Ben Watt Presents...Buzzin’ Fly Volume 3
t’s easy to look at Ben Watt’s production style on Everything But the Girl’s Temperamental or Walking Wounded and declare them one-offs in light of their back catalogue of acoustic pop. Yet a single look at Watt’s Buzzin’ Fly label—which has been putting out laudable house and dance music in addition to drum ‘n’ bass and indie—is enough to rebuke that claim. Since 2002, Watt has helmed the imprint and put out only a few releases, but has staged a series of successful live shows and DJ sets. Thus, these Buzzin’ Fly compilations serve two purposes: to exhibit the immense talent on his label and to offer a chance for fans to gain a taste of the Watt live experience. On this third compilation, Watt does both once again.
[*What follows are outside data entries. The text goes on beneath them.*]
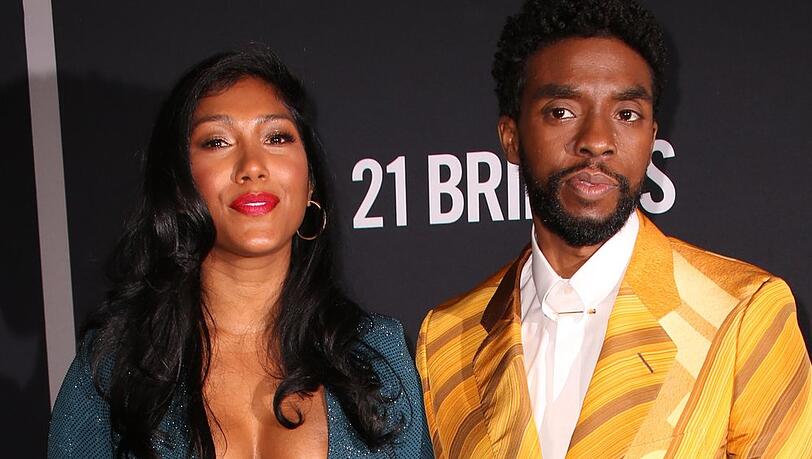 Chadwick Boseman mit Taylor Simone Ledward im November 2019. Chadwick Boseman mit Taylor Simone Ledward im November 2019.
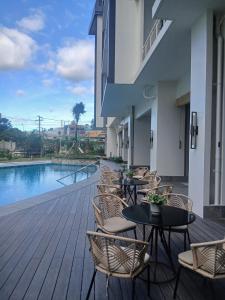 Queen Executive Suite near Solaire Casino and MRT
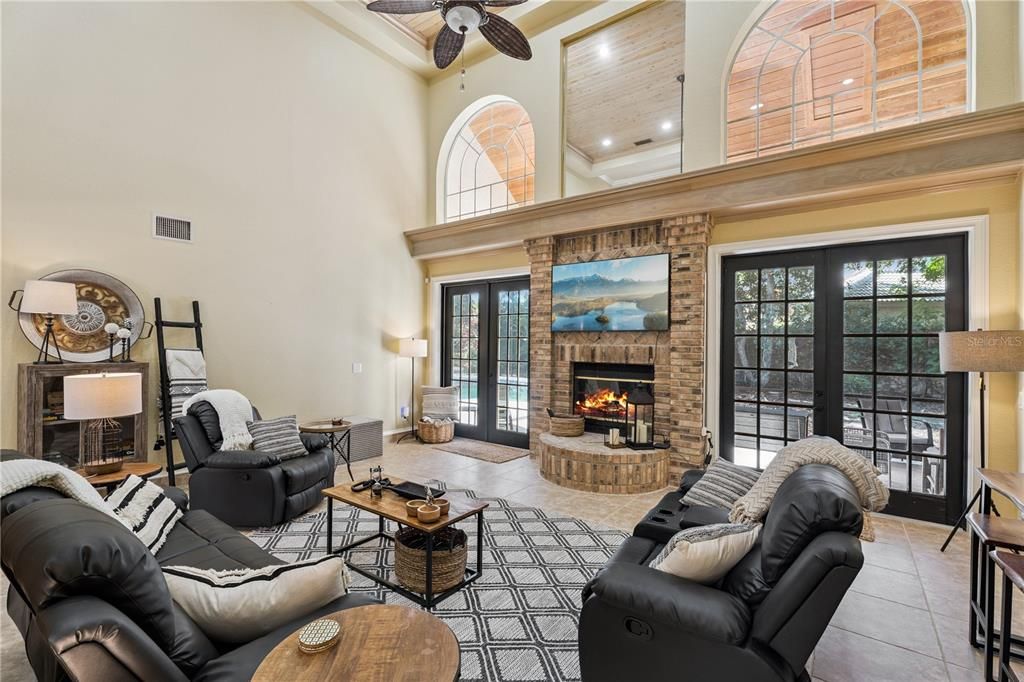 En Venta: $1,225,000 (4 camas, 4 baños, 3643 Pies cuadrados)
The first Buzzin’ Fly was a subtle affair and a careless ear wouldn’t have detected anything but slightly different products from the same 808 machines. But the addition of Terrence Trent D’Arby on “A Stronger Man” and the remix of Low’s “Tonight” presented unexpected (but welcomed) breaks from the constant meter and melody by using voices backed by strong personalities. The second Buzzin’ Fly was even subtler but still flexed its motley muscles by adding a touch of electro. While not as acute of a change compared to the first volume, it was a more effective one because it ran throughout the compilation.
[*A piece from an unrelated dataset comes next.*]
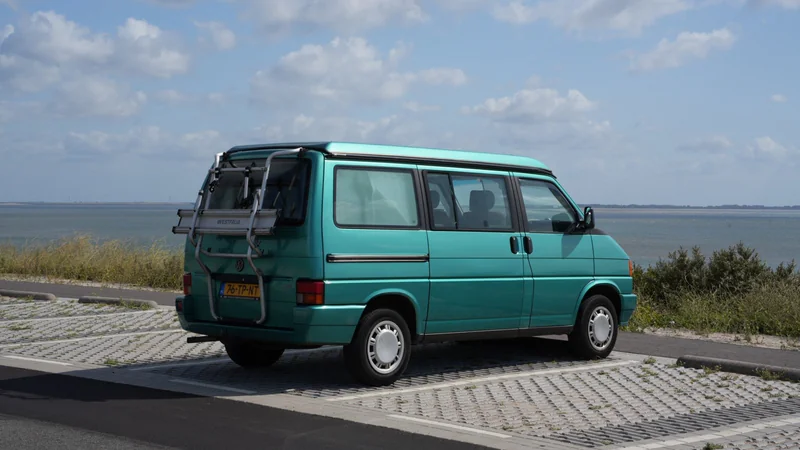 1995 Volkswagen T4 in Rotterdam 3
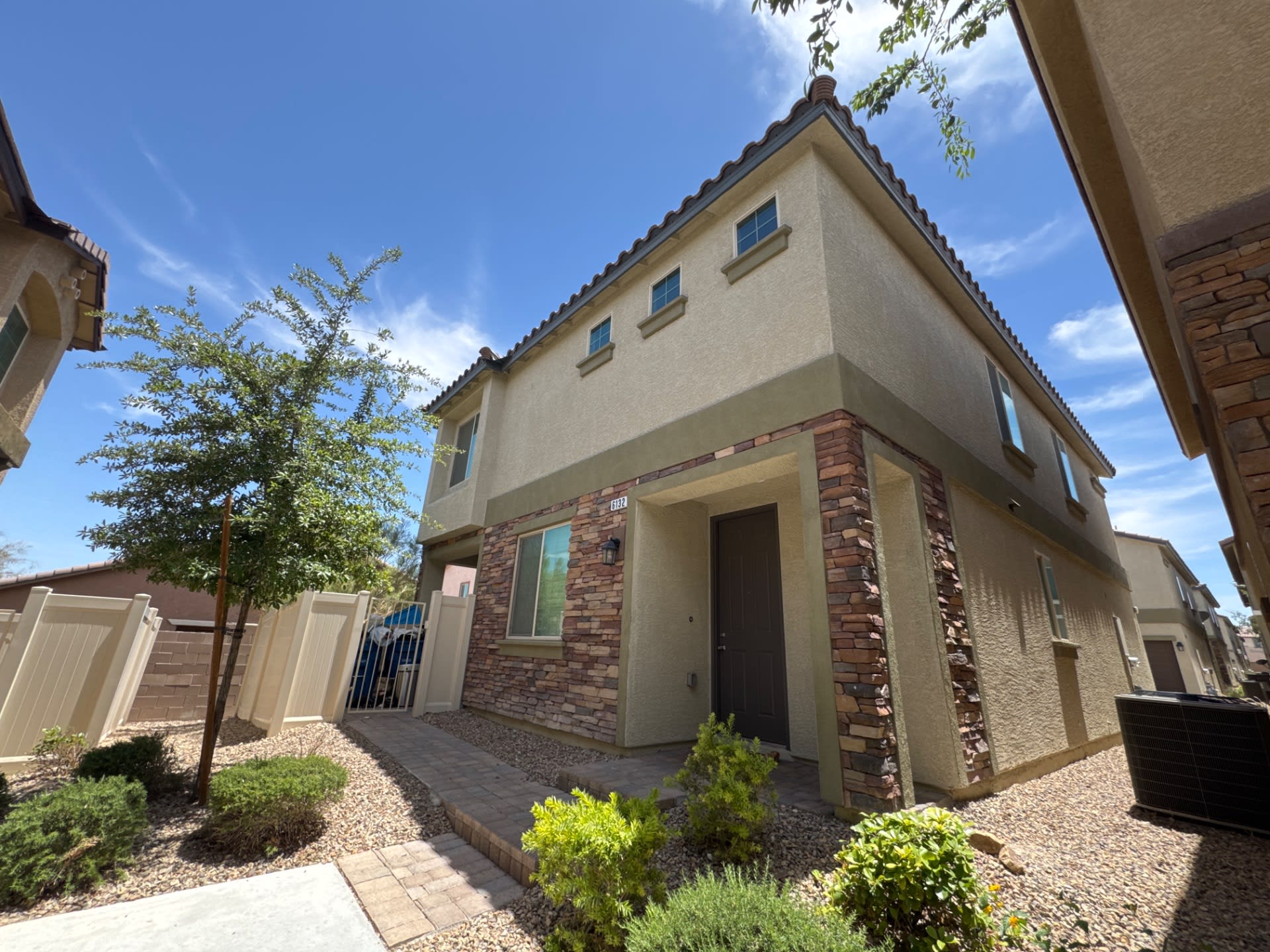 6132 Scarlet Leaf Street – photo 2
Volume 3 lies somewhere between the first two mixes. After a brief intro, “Old Soul” properly begins the compilation. Backed mostly by subtle, pitch shifting bells, Baby Blak utters lines with an unvarnished cool, his cadence turning a possibly prosaic performance into street poetry. From there Watt delves further into house as “Gazebo” feeds off Blak’s echoes and steadily increases the weight and speed. The Manoo and Francois A mix of “Clear Sky” gets even more aggressive, and soon enough, the niceness of “Old Soul” seems lost in the shuffle as “Lose Control” takes over. In other words, this is where the M.O. of Buzzin’ Fly Volume 1 ends. Like Terrence Trent D’Arby’s performance on the first comp, Baby Blak offers an emotional frame, but his placement in the beginning rather than the middle or end means that it lingers longer.
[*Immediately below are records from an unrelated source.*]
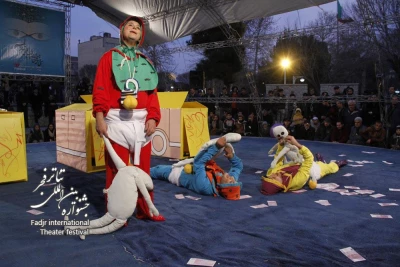 نی نی اخاذه و مداد رنگی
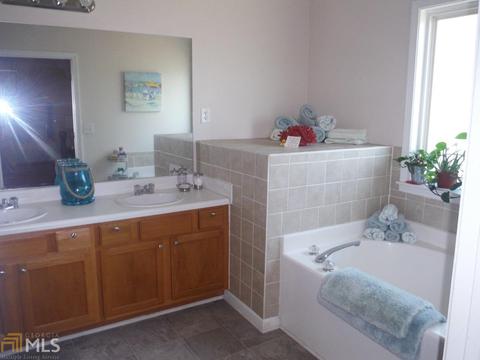 105 Lighthouse Way, Winder, GA 30680 photo 16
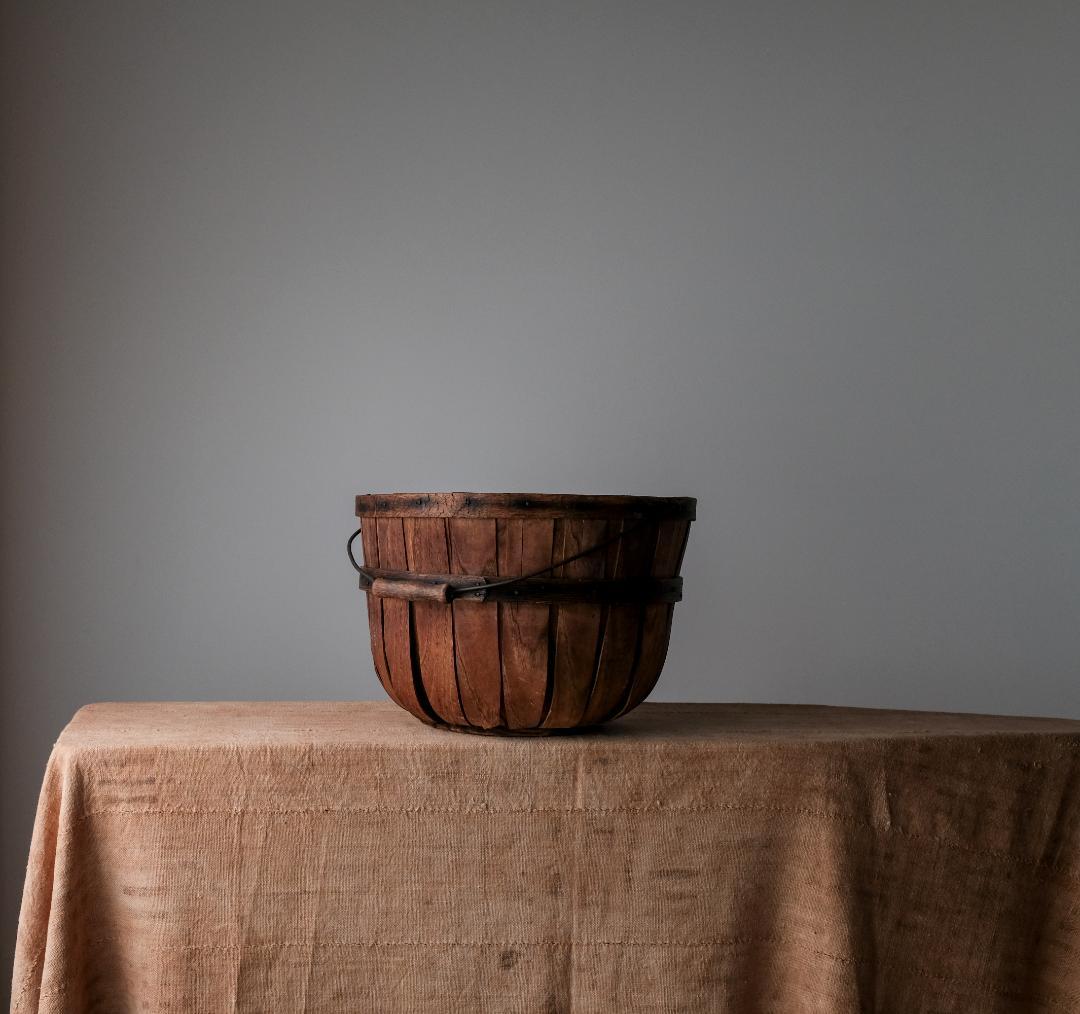 アメリカアンティークのリンゴかご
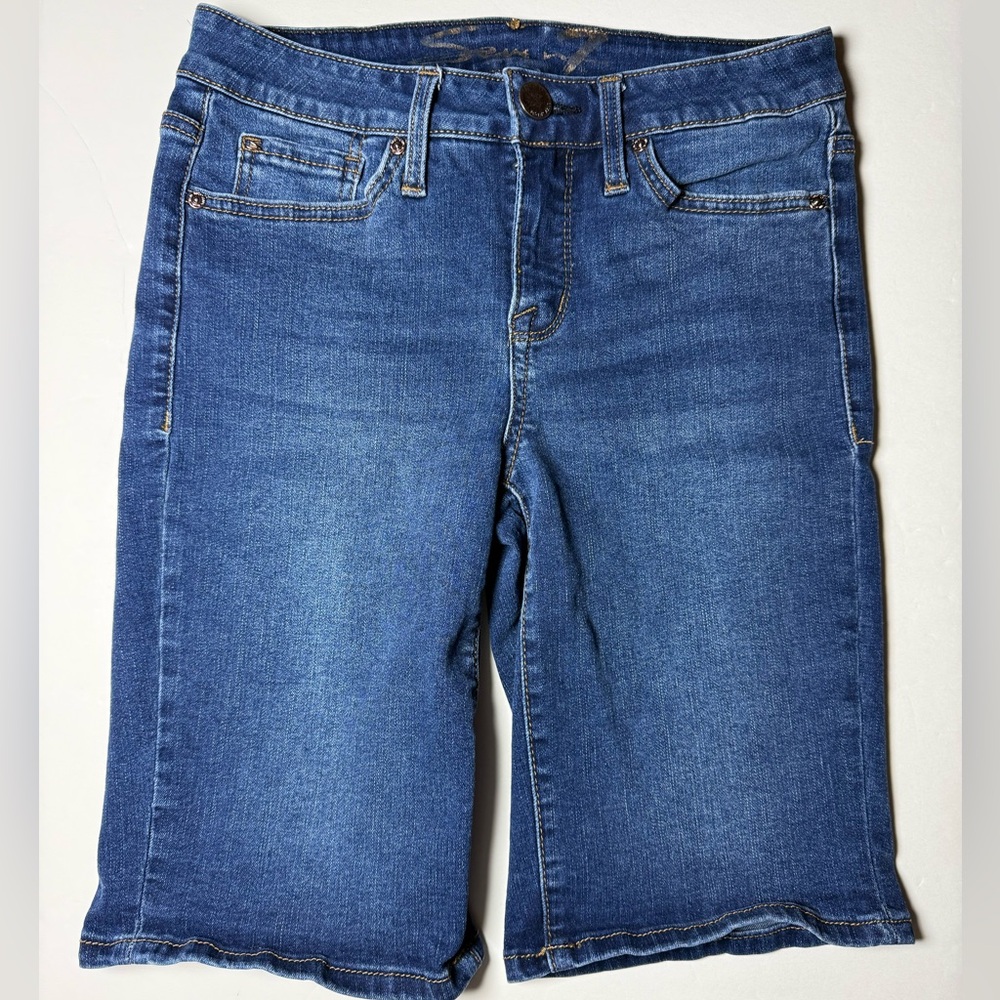 Seven7 Sunset Bermuda Denim Shorts Women’s size 4 medium wash stretch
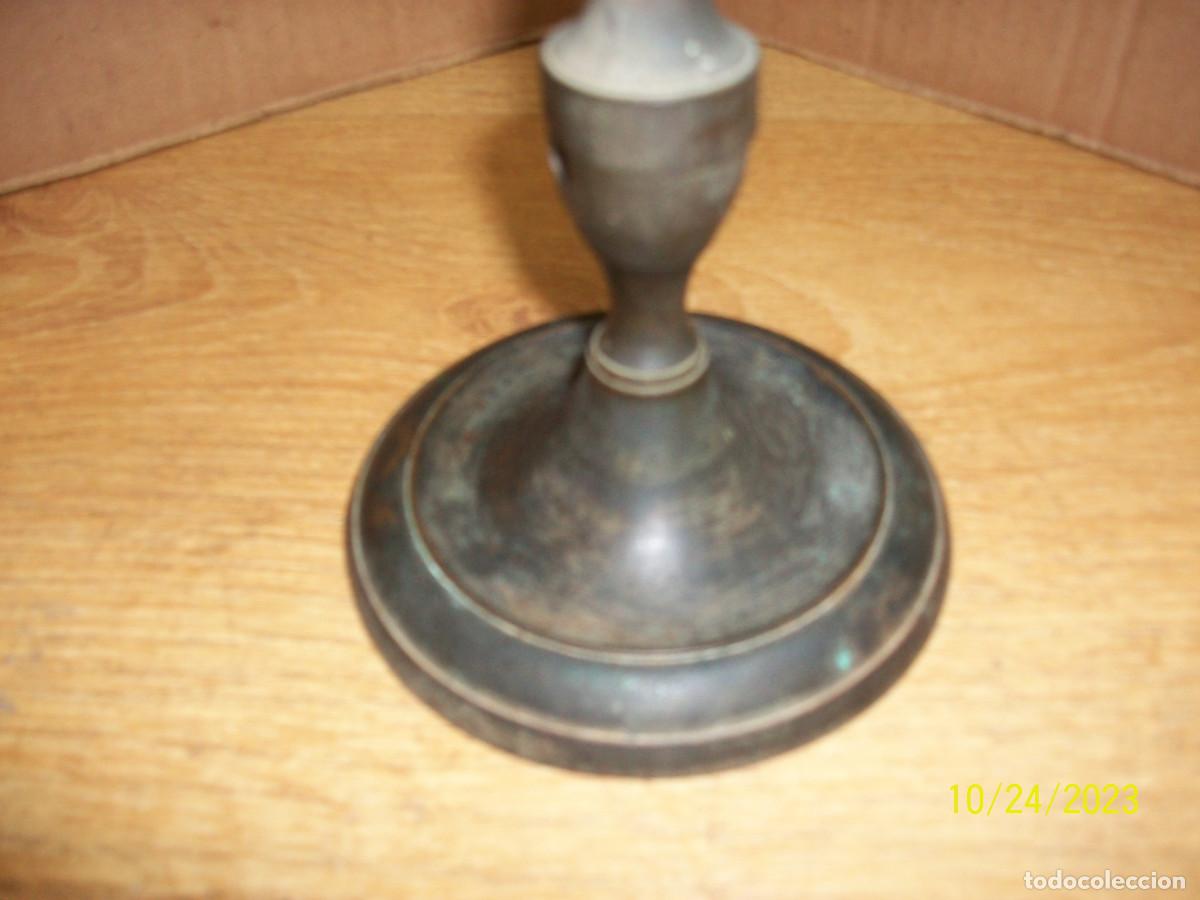 Antig&uuml;edades: ANTIGUO PORTAVELAS DE BRONCE - Foto 2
The Timewriter remix of “I Love Deep” cuts the monotonous route the songs could have taken by introducing breakbeats, while “San Fernando Road” is even more scaled back. Beginning with “Metamotional,” Watt starts to stir the pot by veering even further towards the progressive vein by using unorthodox samples like cowbells and hi-hats on “Insomnia.” From here on in Watt follows the template Buzzin’ Fly Volume 2 by shifting influences and doing so more aggressively. “Square Back,” the two mixes of “So Far Back,” and even “One Week in Cuba” approach shades of microhouse and create a surprisingly ambient outro sequence.
I will admit that listening to Watt’s compilations felt a little strange since he practically locked himself into a single genre, but it’s obviously still that Ben Watt from EBTG. His Buzzin’ Fly series won’t raise any eyebrows elicit any gasps, but a good mix doesn’t necessarily have to. Instead, we get what any good mix should give us: a starting point to seek out other artists and anticipation for the next volume in the series.